Helaas!... het is reeds te laat. Op het moment zelf, dat ze, in een brandende omhelzing, voor 't laatst van Manoël afscheid neemt, hoort ze de opgehaalde kettingen ratelend knarsen.
- Ik ben verloren, de graaf zal mij doden! snikt zij, en zinkt machteloos in zijn armen.
- Dan sterf ik met u! roept Manoël heldhaftig, en tilt haar op. Met fier gebaar geeft hij zijn orkest de maat aan, en onder de hemelse tonen van een goddelijke dansmuziek, walst hij langzaam en als 't ware met haar zwevend in de opkomende maneschijn, naar 't water toe. Is het een droom, of werkelijkheid? Daar komen de teeromarmde geliefden aan de oeverrand, haar blank gewaad ruist even over 't buigend riet, de golven spatten op en schuimen, en beiden walsen door het brede water!
Op het kasteel is alles plotseling in rep en roer. De vlucht van de senorita is ontdekt, alarmtrompetten schallen, honden blaffen razend, don Asdrubal en donna Soledad komen, omringd door bedienden met fakkels en flambouwen, in wilde opgewondenheid naar 't water toe.
Daar zien ze, midden in de woest-kolkende vloed, hun enig kind, hun aangebeden dochter, worstelend tegen de dood. Des graven haren rijzen te berge, en met plukken rukt hij die uit. Donna Soledad, de waanzin nabij, slaakt hartverscheurende kreten.

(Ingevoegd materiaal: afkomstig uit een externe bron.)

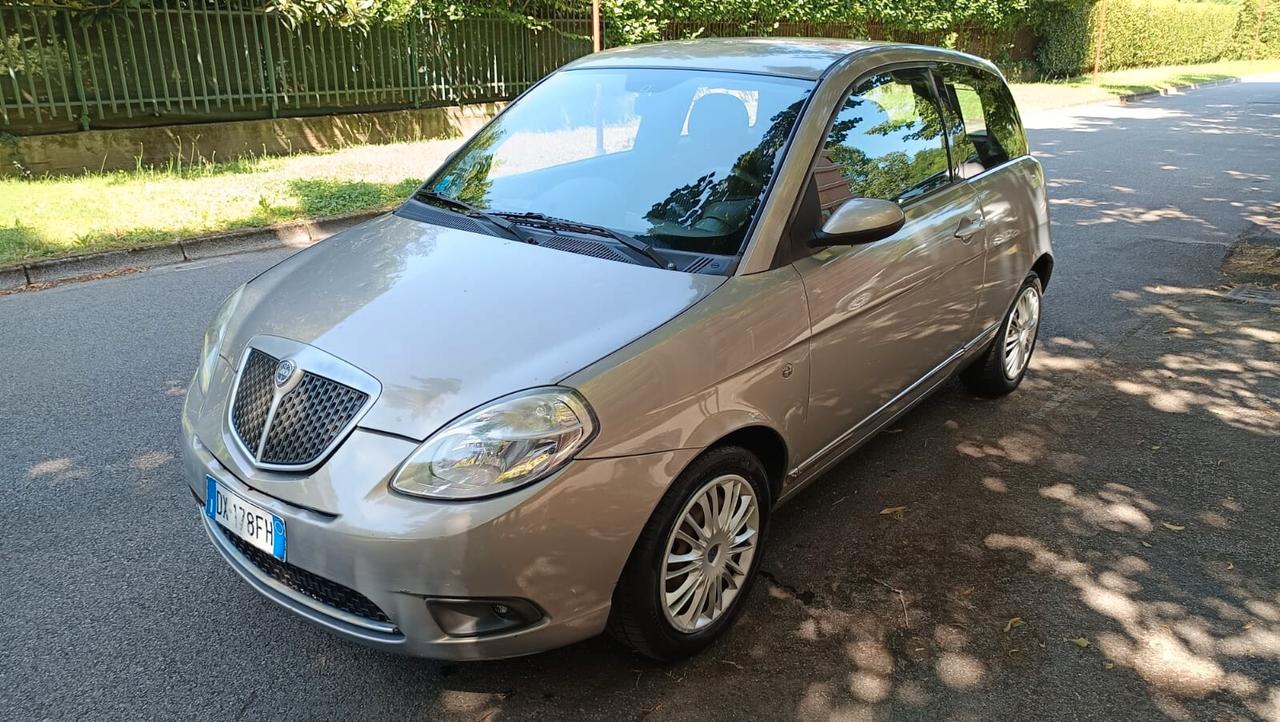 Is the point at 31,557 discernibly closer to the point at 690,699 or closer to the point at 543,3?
the point at 690,699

- Redt mijn dochter! Redt mijn dochter! Wie haar redt, krijgt haar ten huwelijk! schreeuwt smekend de graaf. De ganse mannelijke bediening van het slot eensklaps te water! Ook een twintigtal blaffende en brullende honden te water!
Maar, onweerstaanbaar, gedragen door de heldhaftige klanken van zijn ‘Wassertraum’, zwevend met de gepâmeerde liefste in zijn armen door de feeëriek-verlichte golven, komt Manoël uitgeput, doch zegevierend op de andere oever aangeland en valt er met de senorita vóór don Asdrubal en donna Soledad op de knieën.
Zegen, vergiffenis, ridderlijke trouwbelofte, bruidsmars, droge kleren! In stoet, met de graaf en zijn vrouw, tussen een dubbele rij flambouwen-torsende bedienden en blaffende honden, gaan zij naar het fantastisch verlichte kasteel terug.